PCT was very tied to the structure of PIR. PACT is intended to be designed with the idea of building directly to bytecode from the start. In particular, this means that no portion of the system can rely on simply generating PIR that does the right thing.
On the other hand, PIR is an extremely useful format. PBC is not stable across versions of parrot, so being able to save PIR bootstrap steps is invaluable. Other backends such as Winxed may also be useful.
The key to building sane bytecode is maintaining knowledge of what type
every value in the tree is intended to be. Because of this, every PACT
node should maintain an idea of what type it returns (even if this is
'void'). In addition, passing around information encoded into strings
makes further processing of it very difficult so all information in the
tree should be a PACT node. (For example, registers should be
PACT::Register.new('P', 2)
, not '$P2'
.)
While creating fast code can be done by hand, it is usually far more convenient to write what you mean and have the computer make it faster. While optimizing code is not required for the design of PACT, it should be simple to add and customize. Notably, the tree optimization project should be integrated very deeply into the system.

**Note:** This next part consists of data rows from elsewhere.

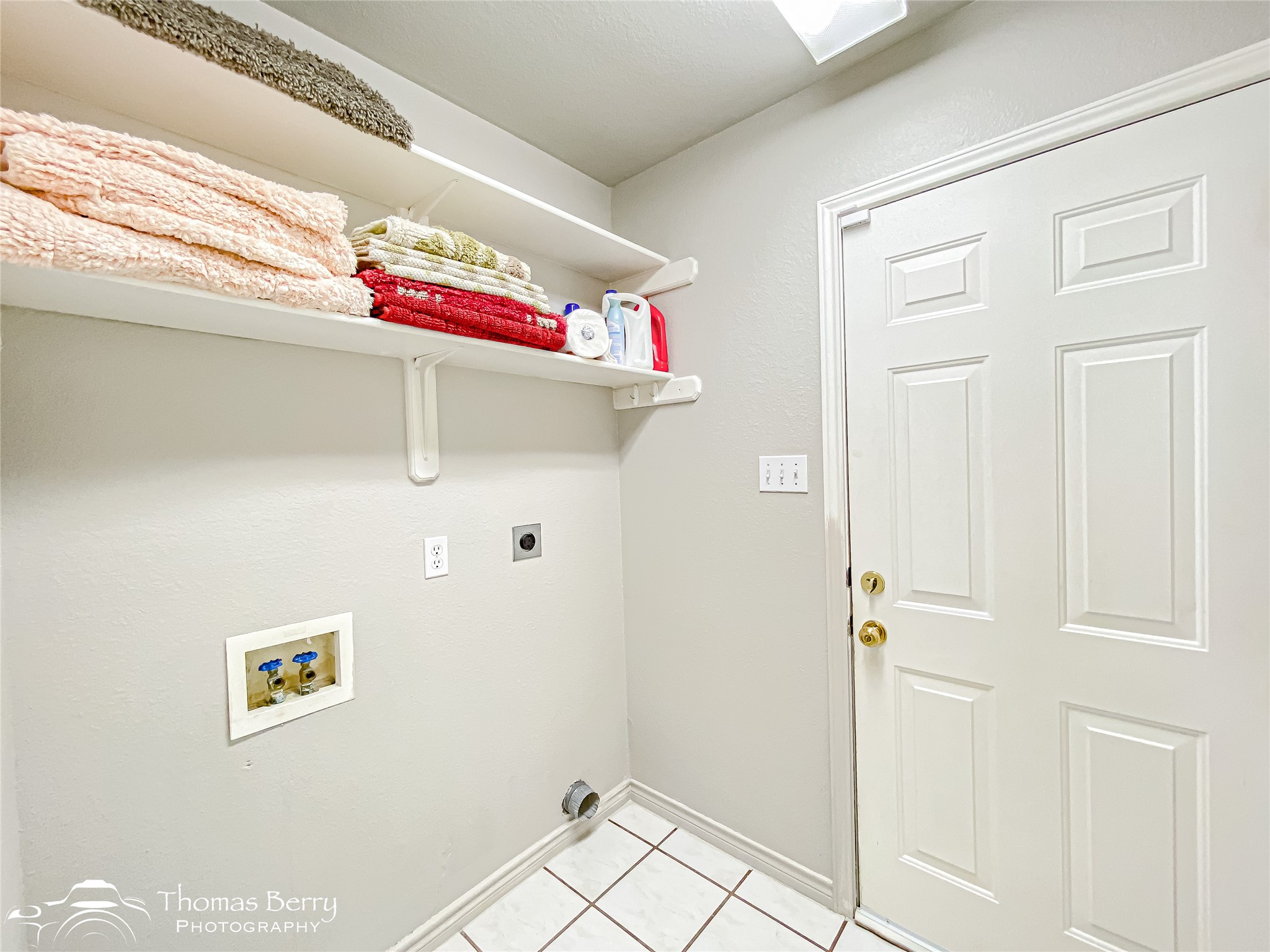 3958 Duke Lane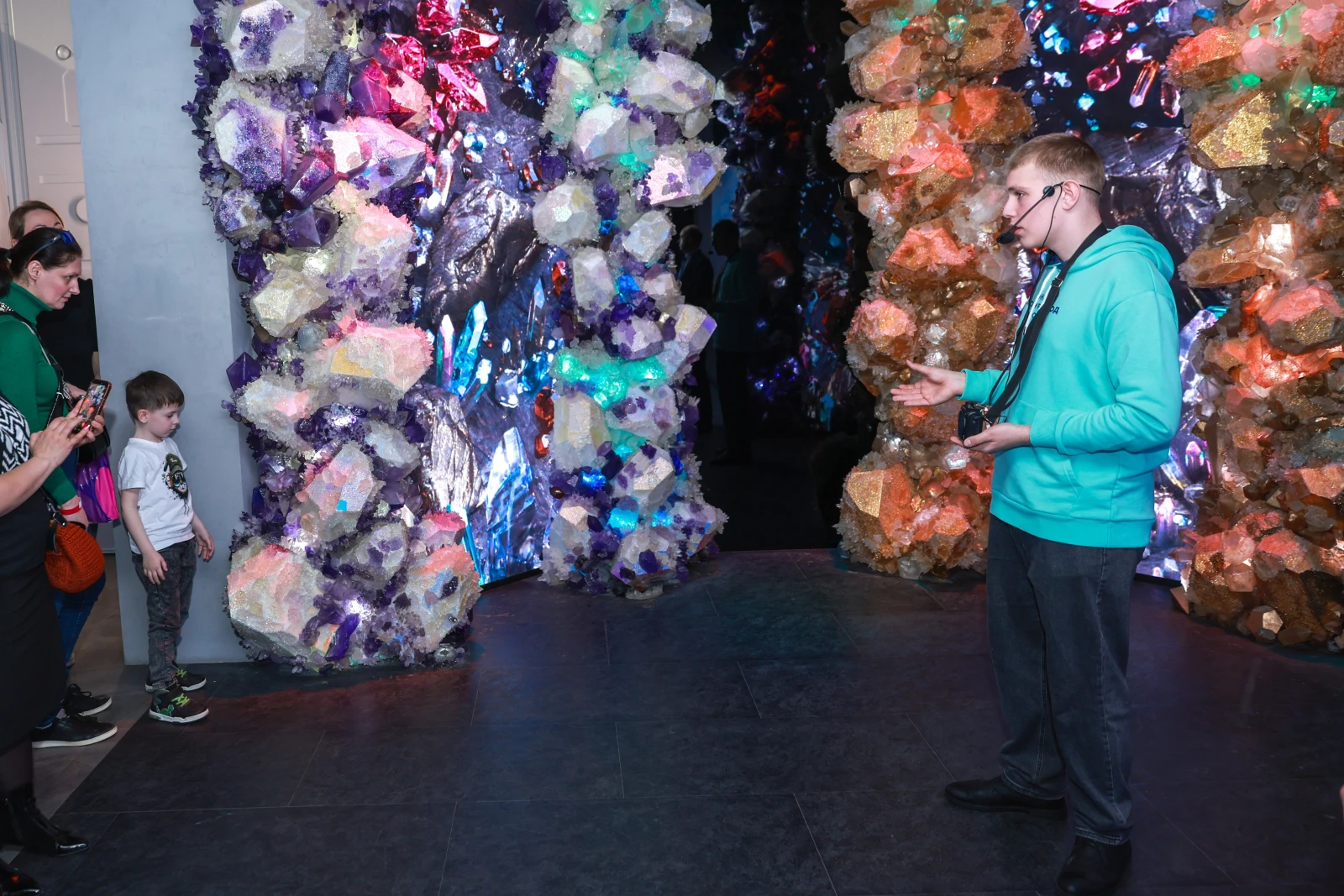 Participants of the Young Tour Guides School conducted a tour of the exposition 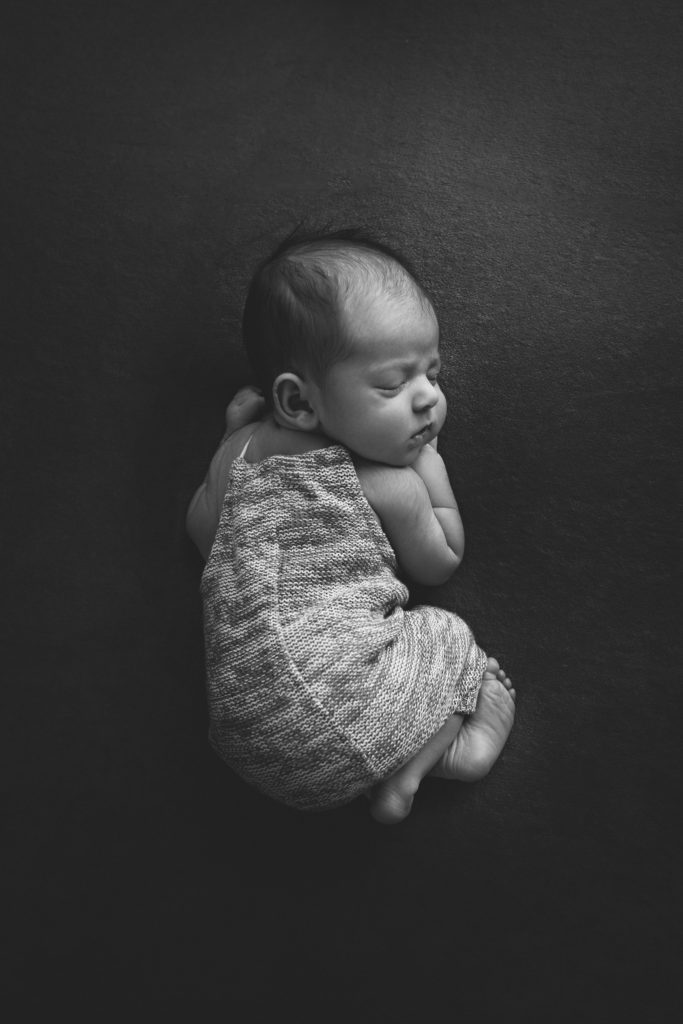 gta-durham-toronto-oshawa-newbornphotographer-newbornphotography-babyboy-neutrals-brown-outfit-colour-blanket-cest-lamour-photography-blackandwhite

Some basic optimizations like constant folding (for non-PMC values) and dead code elimination can be implemented quickly. More complex optimizations involving SSA and data-flow analysis are not required, but the ability to perform them should be kept in mind.
Generating high quality code is difficult when the output of the compiler is opaque. PASM is a mostly dead format and PIR is often derided for both the amount of hidden work it does and its compiler IMCC. New assembly and intermediate formats are required. These formats should be as easy to generate and process as possible.
The ability to store arbitrary objects in bytecode files means that not every PBC can be regenerated faithfully from disassembly, but handling the simple cases will keep the disassembler honest and make code generation easier to test. Human-readability is key, but ease of writing is not.
Recommended reading: The Dragon Book (Compilers: Principles, Techniques, and Tools by Aho, Lam, Sethi, and Ullman)
Those who do not learn from history are doomed to repeat it. While converting to multiple intermediate steps or worrying about SSA may seem like unnecessary work, using similar phases and styles as other compilers will make it easy to use the lessons learned from them. GCC and LLVM are designed the way they are because it helps them generate fast and correct code, so emulating them is no bad thing.